Psoriatic Arthritis and Sacroiliitis

Medically Reviewed by Melinda Ratini, MS, DO on July 28, 2022
4 min read

If you’re living with psoriatic arthritis (PsA), you know it causes inflamed joints and happens to some people with the skin condition psoriasis. But did you know there are five types?

One form, called axial psoriatic arthritis, mainly affects your spine. If you have axial PsA, your rheumatologist (arthritis doctor) might talk to you about a related issue called sacroiliitis. That’s the name for inflammation in one or both of the joints where your lower backbone and pelvis connect – your sacroiliac joints.

Sacroiliitis can bring on symptoms like pain in your lower back, butt, or thighs. But the good news is that there are medications that can help you get better.

Axial psoriatic arthritis is the only type of psoriatic arthritis linked to sacroiliitis, says M. Elaine Husni, MD, MPH, vice chair of rheumatology and director of the Arthritis and Musculoskeletal Center at Cleveland Clinic.

Axial PsA can affect you anywhere along the spine, but it most commonly affects the sacroiliac joints, Husni says. That’s where the first sign of inflammation happens in axial psoriatic arthritis.

Yes. People who don’t have axial psoriatic arthritis can get sacroiliitis for other reasons. Some of the things that can take a toll on the sacroiliac joints and cause sacroiliitis are:

Osteoarthritis. This is the most common type of arthritis, known for its wear-and-tear effect on joints.

Ankylosing spondylitis. This type of inflammatory arthritis affects the spine.

Trauma. This includes things like a fall or car accident.
Pregnancy. Either the hormones your body makes or the weight of the baby could affect the sacroiliac joints.

Many people with axial PsA get inflammatory back pain, Husni says. Like the name suggests, it’s caused by inflammation. That makes it different from the kind of back pain that you’d get from things like an injury or poor posture.

You might have:

  • A stiff back in the morning
  • Back pain that gets better when you’re active and worse when you’re not
  • Limited ability to move easily

One of the first signs of inflammatory back pain is sacroiliitis, Husni says.

In general, sacroiliitis can bring on pain that might:

  • Show up in your lower back, butt, hip, or thigh
  • Get worse after you’ve been sitting or standing for a while, or when you’re getting out of a chair
  • Feel sharp or stabbing, or achy and dull
  • Flare up after you climb stairs, run, take big strides, or put more weight on one leg

Talk to your doctor if you have any of these symptoms.

Your doctor will ask you about your symptoms and health history. They’ll give you a physical exam, too. They may ask you to move your body in certain directions and put light pressure on your affected joints.

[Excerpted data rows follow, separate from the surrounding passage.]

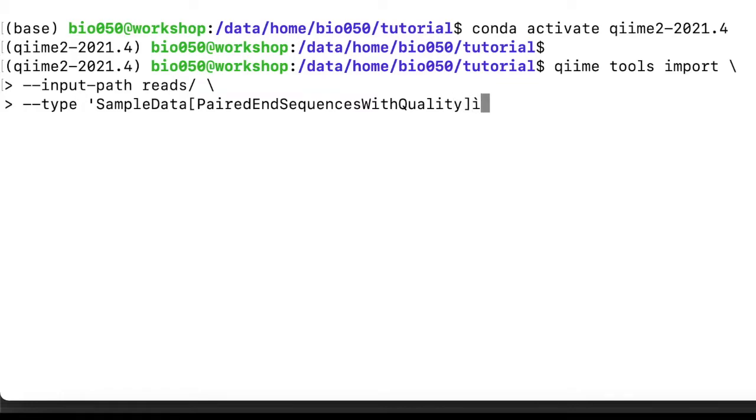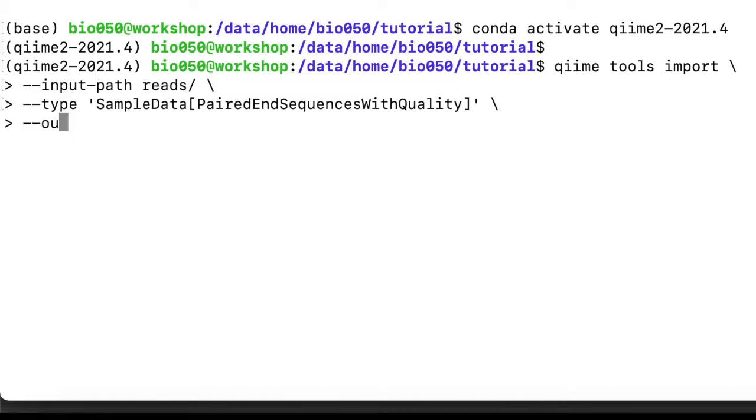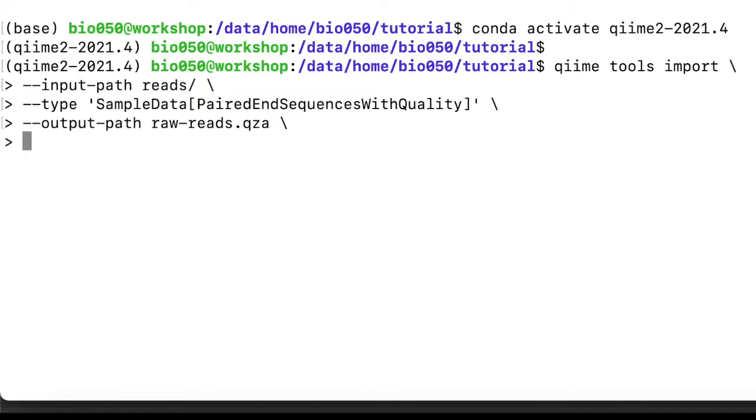So these are sequences that could be FASTA or FASTQ, but with quality, so they are FASTQ files, they are paired-end, and let's add some other specifications. For example, we need to specify where to save the file, output-path, it can be rawreads.qza.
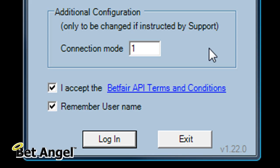So that basically means that if the API did have problems or you were experiencing problems or you were unsure about how the API was performing, you could go into connection mode 1 and route all of your traffic to Betfair via another mode. It gives you another opportunity to connect and get yourself out of any position or continue trading.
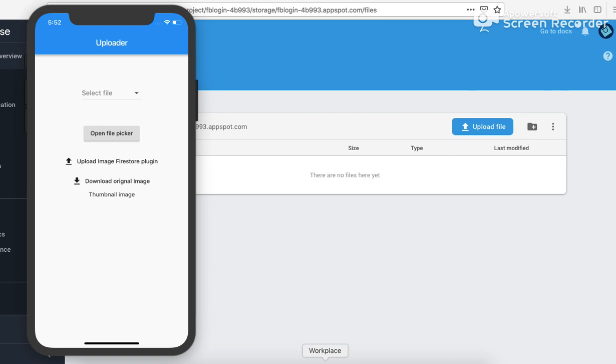Hey guys, in this video we are going to see how we can upload different types of files using Firebase in the Firebase Storage and also how to generate a thumbnail for image uploading, a small version of the image which you uploaded.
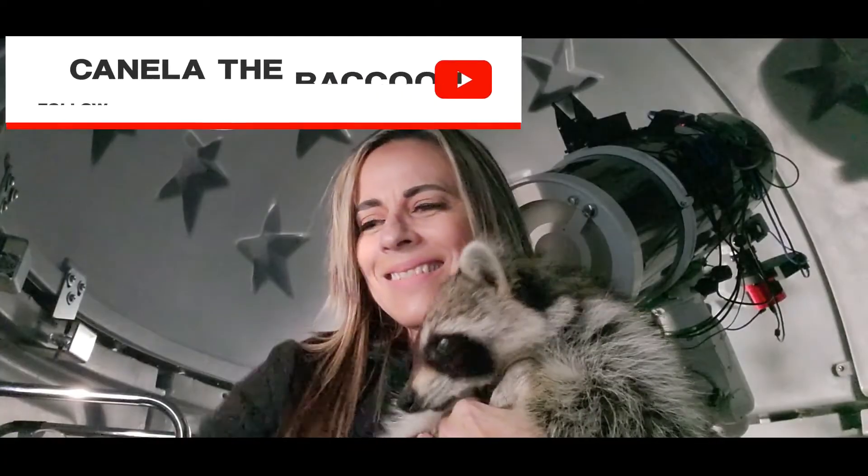Hi, this is Diana, your favorite astronaut and my friend Canela the Raccoon. So now let's start with the problem and how I solve it.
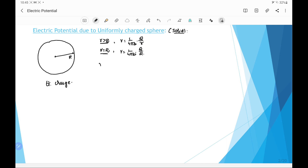The third case is when r is less than capital R, meaning the point lies inside the sphere. Suppose this is point P located inside the sphere at distance small r from the center. We have to find the potential at P.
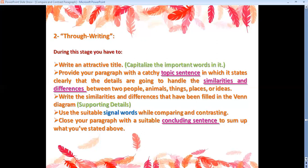Provide your paragraph with a catchy topic sentence — this is the first sentence — in which it states clearly that the details are going to handle the similarities and differences, the similar and different points, between two people, animals, things, places, or ideas.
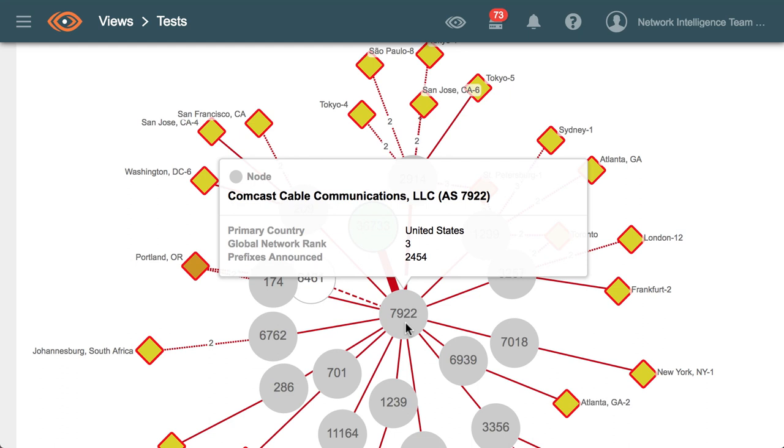What we think is going on here is that Comcast is trying to steer traffic around the failure so that certain services can be restored. This can be achieved by announcing longer prefixes that will allow certain traffic flows to be redirected across failures.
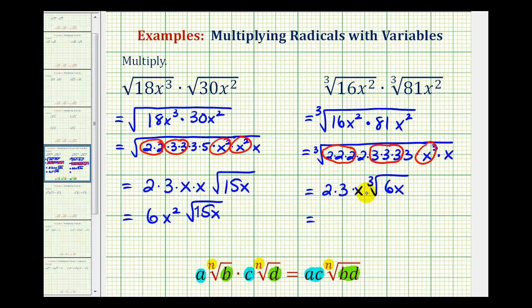So we have 6x outside the cube root times the cube root of 6x. I hope you found this helpful.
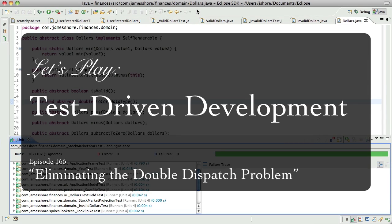Hello everyone. This is James Shor with another test-driven development video. Today is January 30th, 2012.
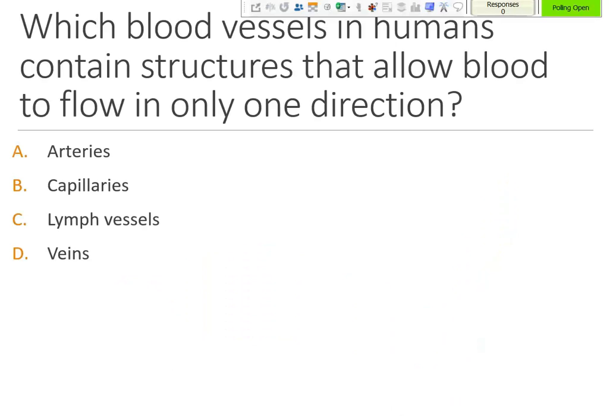Once you land on a turning point slide, polling is going to automatically open and your students can begin responding. The show bar in the upper right corner is going to show you how many students have responded. Now I just have some clickers in front of me, so I'm going to put in some data for us.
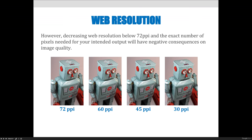However, decreasing web resolution below 72 and below the exact number of pixels needed for your intended output will have negative consequences on image quality. If you go below 72, you may start to notice the image quality drop off. In our example here, 72 pixels per inch looks fine; 60 is getting a little blurry — but maybe if you really need to decrease the file size, you could go down to 60. At 45 it's even worse, and at 30 pixels per inch the image is blurry and kind of gross looking. You wouldn't want to put that in your project, because instead of appreciating the image, viewers would be staring at the poor quality, wondering why it's all blurry and pixelated.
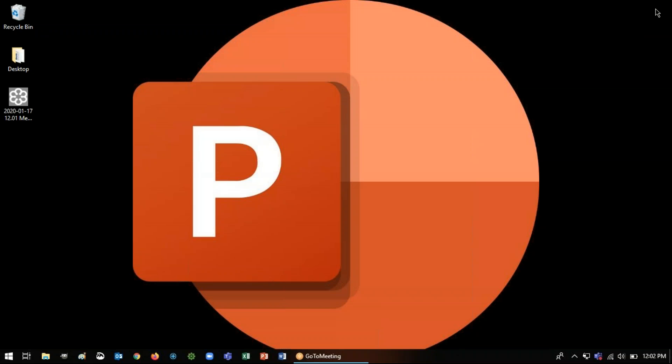Hi everyone, this is Megan Lanouette from Cooperative Systems and today I'm going to show you how you can record your computer screen and related audio using just your Microsoft PowerPoint.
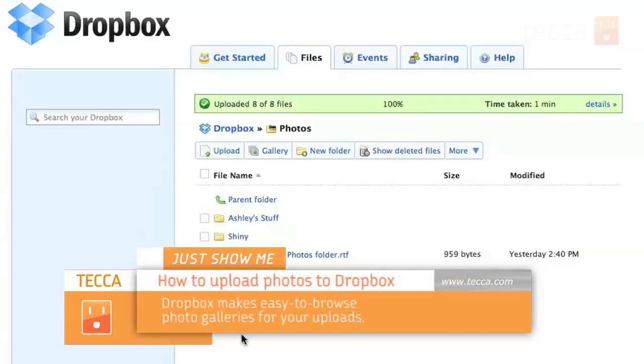Hi everybody, I'm Ashley Eskeva and it's time for another installment of Just Show Me on Tekka TV, where we take your tech toys and gadgets and show you how to get the most out of them. Today I'm going to show you how to upload photos to Dropbox and use them in a gallery setting.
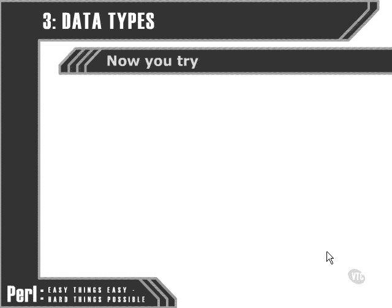Now that we've taken a look at some of the syntax for handling hashes and arrays, I'd like to set you a couple of exercises that you can try out for yourself at the end of this chapter.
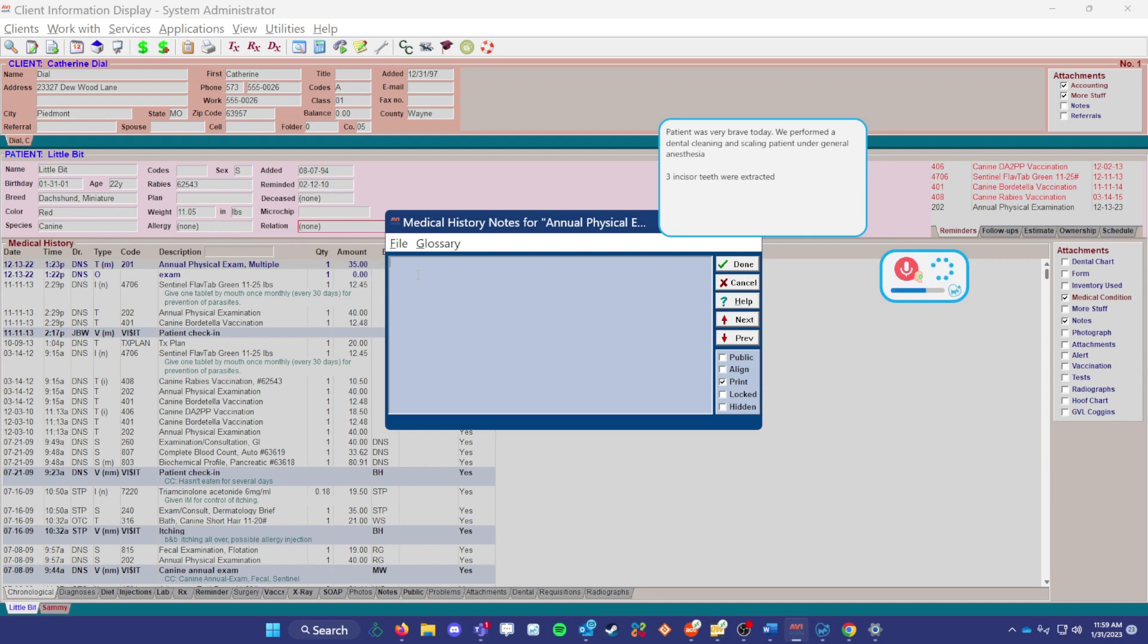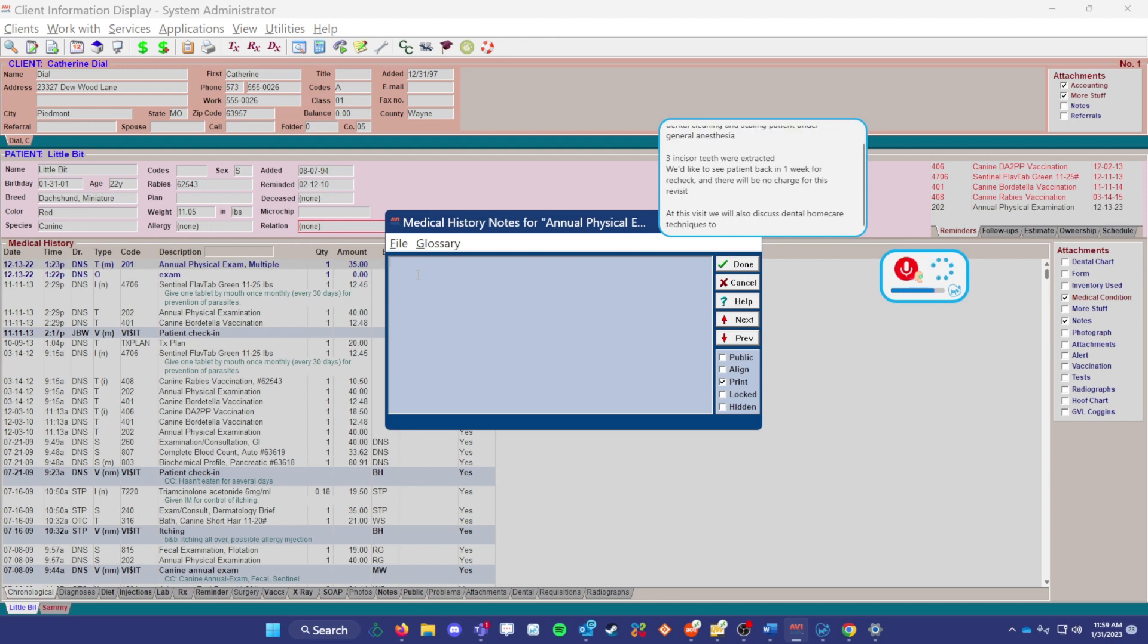New line. We'd like to see patient back in one week for a recheck comma, and there will be no charge for this revisit. New paragraph. At this visit, we will also discuss dental home care techniques to maintain patient's teeth care at home, period.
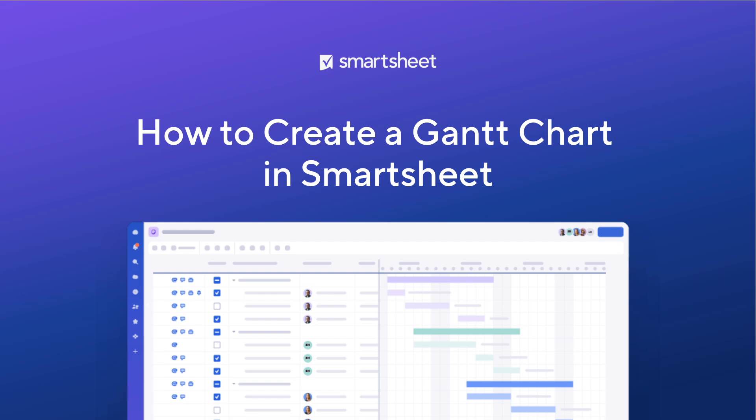In this video, you'll learn how easy it is to create a Gantt chart in Smartsheet and the benefits of Gantt view.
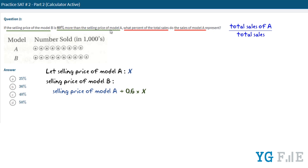Since the selling price of model A is X, we can write the selling price of model B as X plus 0.6 times X. X here actually has a coefficient of 1, so we can simplify this expression as 1.6X.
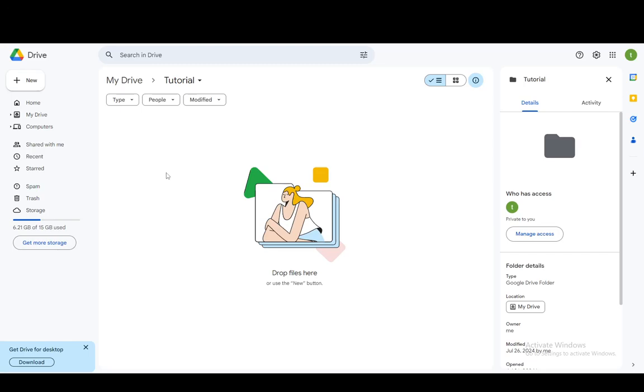Hey everybody, what is going on? I hope you guys are all doing well and welcome to another tutorial video. In this video I'm going to be explaining to you how you can upload original quality photos or videos on Google Drive.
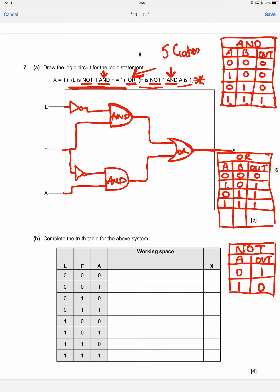The circuit is now complete. We can check it's correct by counting the gates: we have two NOT gates, two AND gates, and one OR gate — that's five gates total, which matches what we predicted at the start.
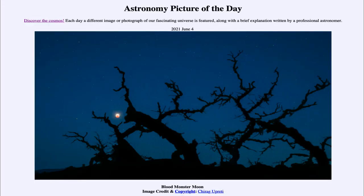Greetings and welcome to the introduction to astronomy. One of the things that I like to do in each of my introductory astronomy classes is to begin the class with the Astronomy Picture of the Day from the NASA website, that is apod.nasa.gov/apod. And today's picture is for June the 4th of 2021.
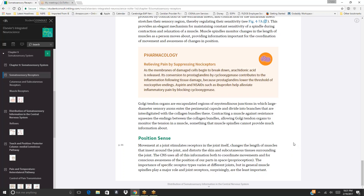Golgi tendon organs are encapsulated regions of myotendinous junctions in which large-diameter sensory axons enter the perineural capsule and divide into branches interdigitated with collagen bundles. Contracting a muscle against resistance squeezes the endings between the collagen bundles, allowing Golgi tendon organs to monitor muscle tension—something muscle spindles cannot provide much information about.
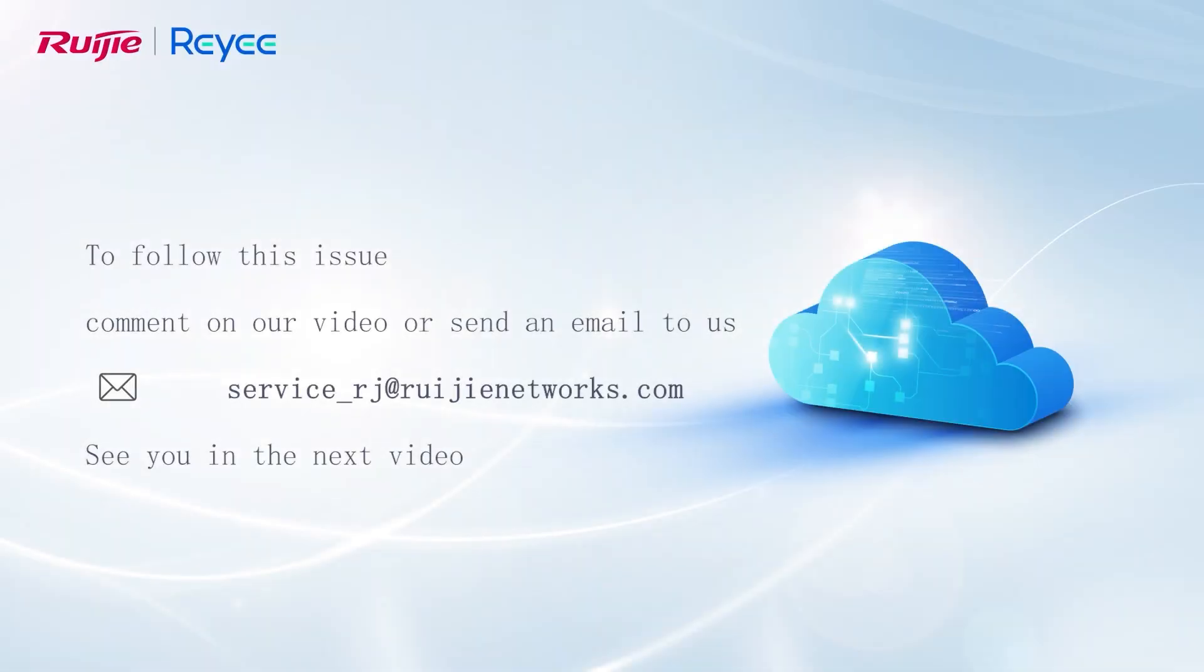To follow this issue, comment on our video or send an email to us. See you in the next video.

To diagnose psoriatic arthritis in general, your doctor will probably do X-rays of your painful joints. They might also order an imaging test called an MRI, which makes pictures of the inside of your body. These tests can also help diagnose sacroiliitis.

To rule out other health conditions, the doctor might give you blood tests and have a lab check a sample of fluid from one of your swollen joints.

Treatment for axial psoriatic arthritis can get your PsA and sacroiliitis under control. They’re not treated separately, Husni says.

If your symptoms are mild, meds called NSAIDs (nonsteroidal anti-inflammatory drugs) are typically the first treatment doctors try. Some NSAIDs you’ve probably heard of are aspirin, ibuprofen, and naproxen.

If you have axial psoriatic arthritis that’s moderate to severe and NSAIDs are not helping, doctors often prescribe meds called DMARDs (disease-modifying antirheumatic drugs). The first type of DMARD they tend to use is called a TNF inhibitor. TNF is a protein your body makes that triggers inflammation. People with psoriatic arthritis have higher levels of it in their blood. A TNF inhibitor lowers those levels, controlling inflammation in your joints and skin.

Yes. When you’re living with a long-term condition like axial psoriatic arthritis, good habits can help boost your overall health. Stick to your treatment plan and try these tips:

Eat a balanced diet. Make sure you get plenty of fresh fruits and vegetables. Cut back on processed foods and fast food.

Move more. If you’re not active now, ask your doctor to help come up with an exercise routine just for you. They may refer you to a physical therapist or an exercise physiologist.

Drop some extra pounds. You can ask your doctor what weight is healthy for you.

Get a good night’s rest. Aim for 7 to 8 hours sleep a night.

If you smoke, quit. Your doctor can help you do it.